On the morning, nearing Father’s day, the day I heard the familiar bellow. I made my way to the source of the noise and opened up my front door to spot a crow standing in the middle of my front yard. I did what any sane person would do. I looked intently at the crow as it stared back at me and I whispered, “Dad”? The bird flew away. It didn’t fly far, just across the street. I believe it seemed to think that across the street was a better distance to stare in my general direction. I thought that I should make it feel welcome and I grabbed a few pieces of bread and threw them at the far end of my yard. I was hoping that the bread would motivate him to come a bit closer, but he didn’t and the bread just sat as an ignored gesture.
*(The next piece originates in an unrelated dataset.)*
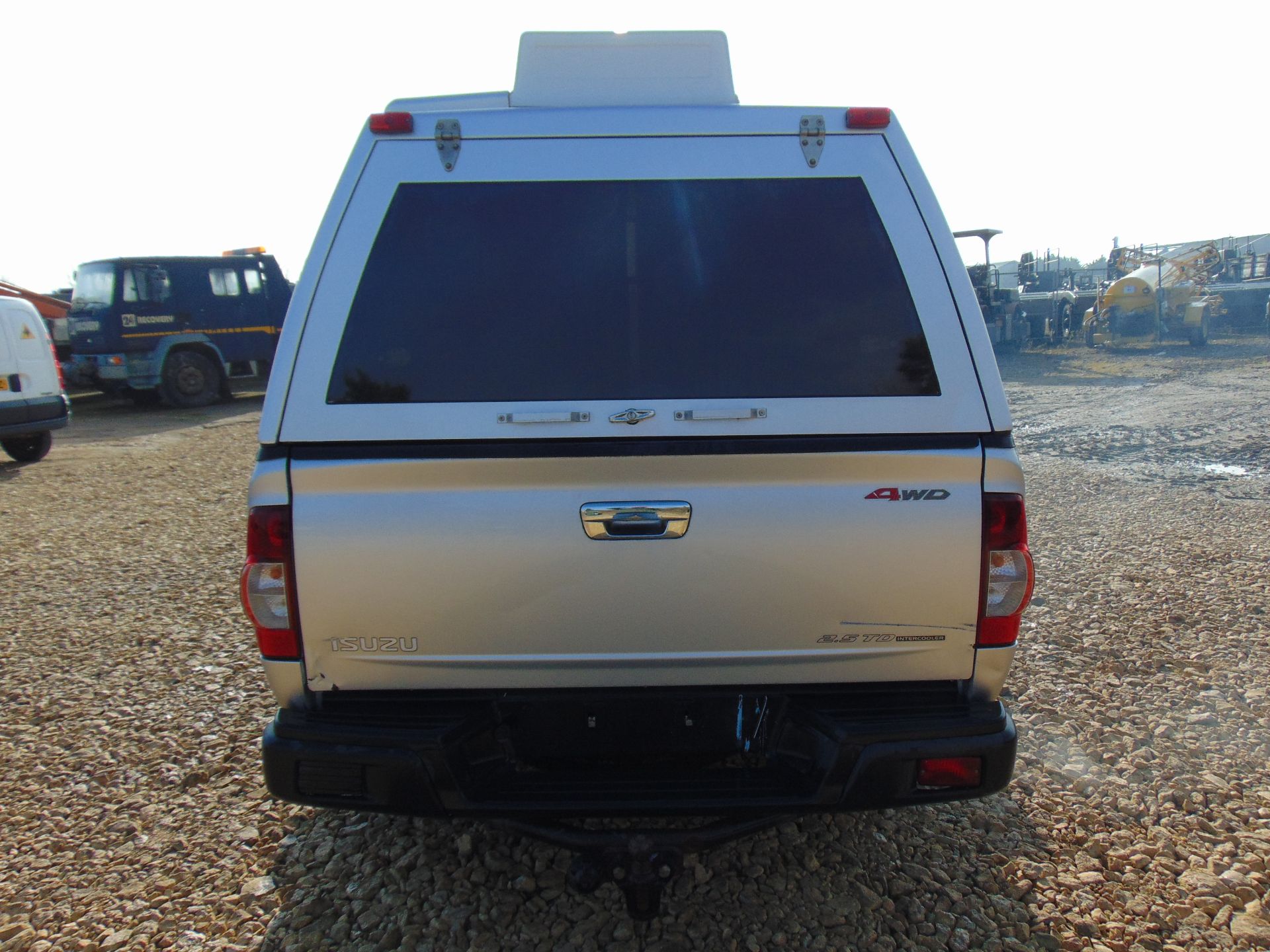 Isuzu D-Max Double Cab 2.5 Turbo Diesel 4 x 4 complete with twin rear dog cage fitted - Image 7 of 20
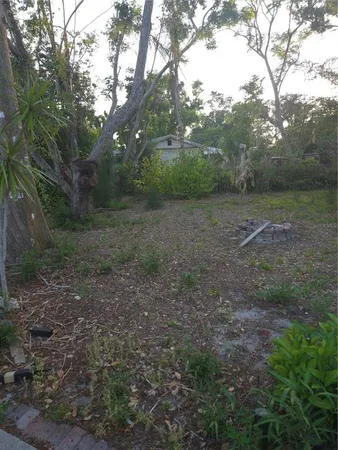 $2,100 | 2212 Vinson Avenue, Sarasota, FL 34232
The bird continued to hang around because I would hear the unsettling caw. I tried several times to make a connection by putting out scraps of food and such. But he ignored my friendliness and instead would still stare at me from a careful distance. I sensed judgment. I thought if I tidied my yard up a bit and made it less scary the bird would soften its glare. So, I did and looked for a different reaction in the creature, but I got nothing. He was as aloof and distant as ever. I found myself wondering if he would notice and approve of my new outfit when I found him leering from my rooftop as I walked to my car on a random morning, but he just flew over my car and shit bombed my windshield. I wondered if he was protesting my outfit or my foreign made car. I might never know. However, I did know that his presence was causing me to entertain insane notions. I wished this scornful flying animal would just drop a feather at my door and make a mystifying mark on me and be on his way to haunt someone else.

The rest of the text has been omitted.